# INPUT

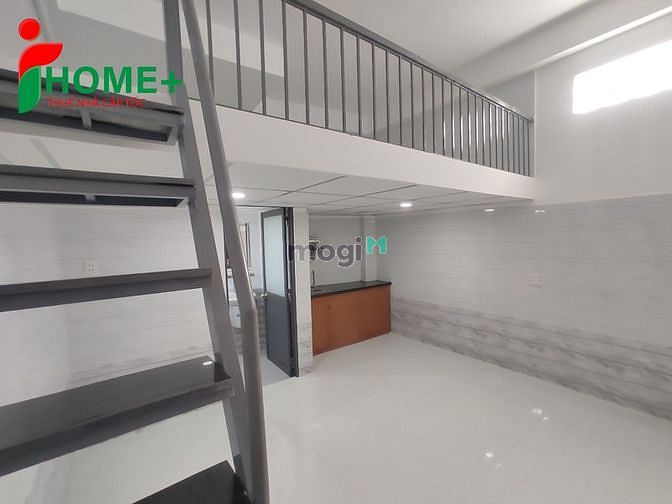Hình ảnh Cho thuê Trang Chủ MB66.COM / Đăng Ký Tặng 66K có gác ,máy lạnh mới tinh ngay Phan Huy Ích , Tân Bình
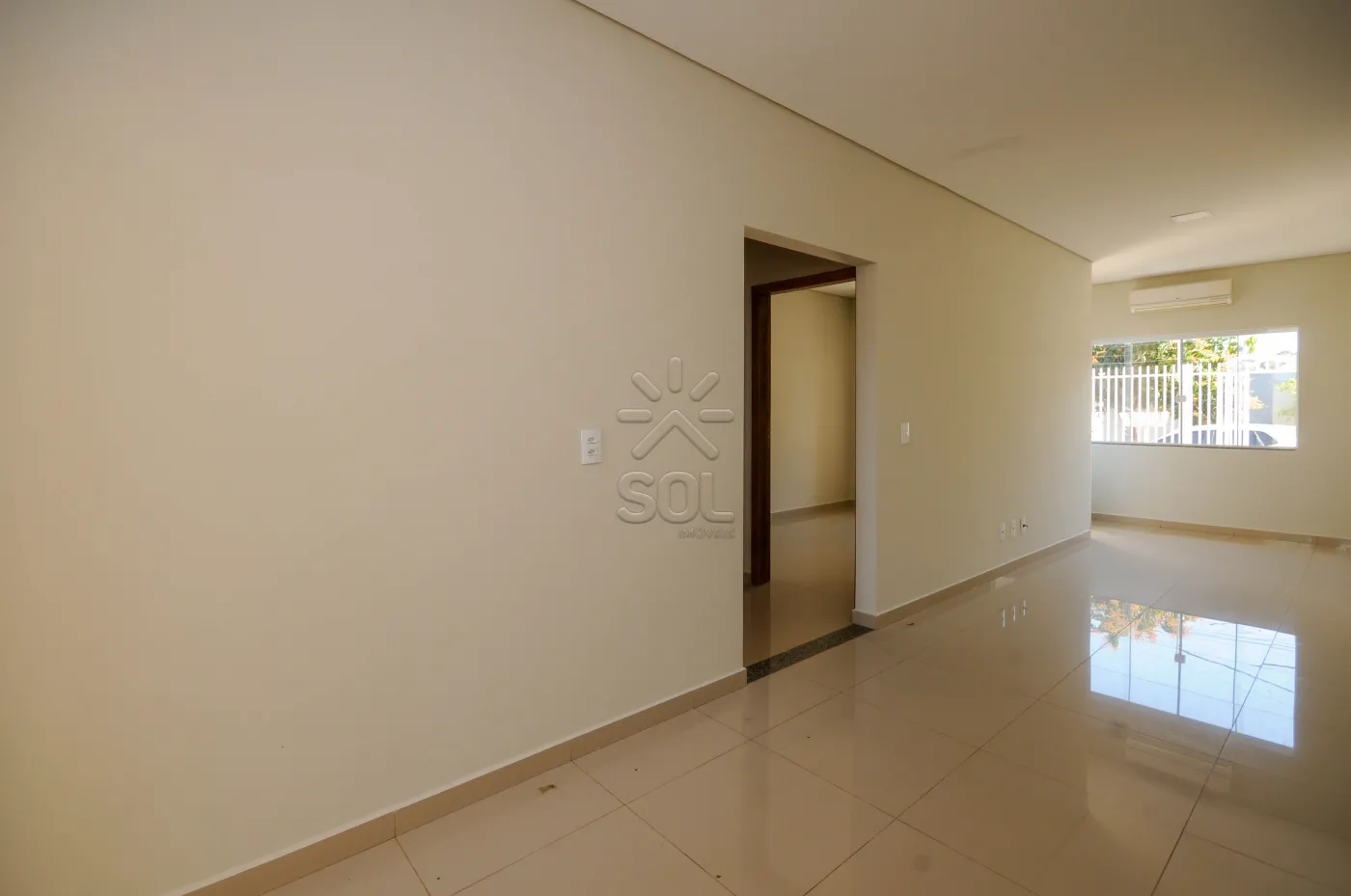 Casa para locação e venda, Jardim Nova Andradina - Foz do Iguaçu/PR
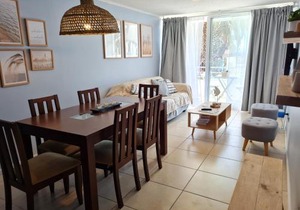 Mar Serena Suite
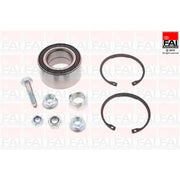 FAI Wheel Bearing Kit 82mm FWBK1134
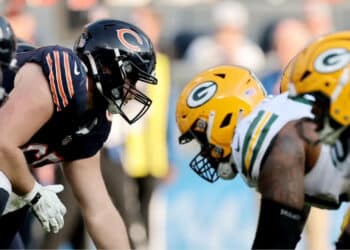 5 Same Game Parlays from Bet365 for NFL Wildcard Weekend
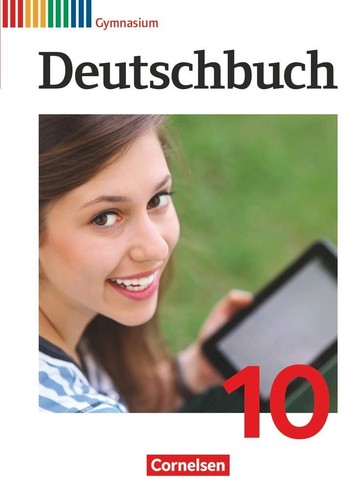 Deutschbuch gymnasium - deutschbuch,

# ASSIGNMENT
Go through the entries above and output them exactly, without pictures.

# TASK SOLUTION
Hình ảnh Cho thuê Trang Chủ MB66.COM / Đăng Ký Tặng 66K có gác ,máy lạnh mới tinh ngay Phan Huy Ích , Tân Bình
 Casa para locação e venda, Jardim Nova Andradina - Foz do Iguaçu/PR
 Mar Serena Suite
 FAI Wheel Bearing Kit 82mm FWBK1134
 5 Same Game Parlays from Bet365 for NFL Wildcard Weekend
 Deutschbuch gymnasium - deutschbuch,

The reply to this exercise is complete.